# Cosmic neutrino background

The cosmic neutrino background (CNB or CνB[1]) is the universe's background particle radiation composed of neutrinos. They are sometimes known as relic neutrinos.

The CNB is a relic of the Big Bang; while the cosmic microwave background radiation (CMB) dates from when the universe was 379,000 years old, the CNB decoupled (separated) from matter when the universe was just one second old. It is estimated that today, the CNB has a temperature of roughly 1.95 K.

As neutrinos rarely interact with matter, these neutrinos still exist today. They have a very low energy, around 10−4 to 10−6 eV.[1] Even high energy neutrinos are notoriously difficult to detect, and the CνB has energies around 1010 times smaller, so the CνB may not be directly observed in detail for many years, if at all.[1] However, Big Bang cosmology makes many predictions about the CνB, and there is very strong indirect evidence that the CνB exists.[1]

## Derivation of the CνB temperature

Given the temperature of the CMB, the temperature of the CνB can be estimated. Before neutrinos decoupled from the rest of matter, the universe primarily consisted of neutrinos, electrons, positrons, and photons, all in thermal equilibrium with each other. Once the temperature dropped to approximately 2.5 MeV, the neutrinos decoupled from the rest of matter. Despite this decoupling, neutrinos and photons remained at the same temperature as the universe expanded. However, when the temperature dropped below the mass of the electron, most electrons and positrons annihilated, transferring their heat and entropy to photons, and thus increasing the temperature of the photons. So the ratio of the temperature of the photons before and after the electron-positron annihilation is the same as the ratio of the temperature of the neutrinos and the photons today. To find this ratio, we assume that the entropy of the universe was approximately conserved by the electron-positron annihilation. Then using

${\displaystyle \sigma \propto gT^{3},}$

where σ is the entropy, g is the effective degrees of freedom and T is the temperature, we find that

${\displaystyle \left({\frac {g_{0}}{g_{1}}}\right)^{\frac {1}{3}}={\frac {T_{1}}{T_{0}}},}$

where T0 denotes the temperature before the electron-positron annihilation and T1 denotes after. The factor g0 is determined by the particle species:

• 2 for photons, since they are massless bosons[2]
• 2 × (7/8) each for electrons and positrons, since they are fermions.[2]

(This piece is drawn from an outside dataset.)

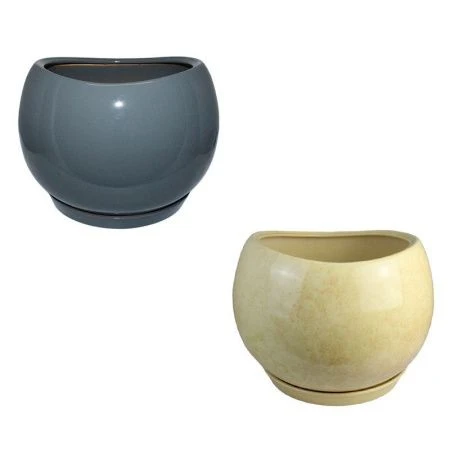 Горшок цветочный керам. АДЕЛЬ №1 (1сорт) 15л  h=25см цвета в ассортименте Горшок цветочный керам. АДЕЛЬ №1 (1сорт) 15л  h=25см цвета в ассортименте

g1 is just 2 for photons. So

${\displaystyle {\frac {T_{\nu }}{T_{\gamma }}}=\left({\frac {2}{2+2\times 7/8+2\times 7/8}}\right)^{\frac {1}{3}}=\left({\frac {4}{11}}\right)^{\frac {1}{3}}.}$

Given the current value of Tγ = 2.725 K,[3] it follows that Tν1.95 K.

The above discussion is valid for massless neutrinos, which are always relativistic. For neutrinos with a non-zero rest mass, the description in terms of a temperature is no longer appropriate after they become non-relativistic; i.e., when their thermal energy 3/2 kTν falls below the rest mass energy mνc2. Instead, in this case one should rather track their energy density, which remains well-defined.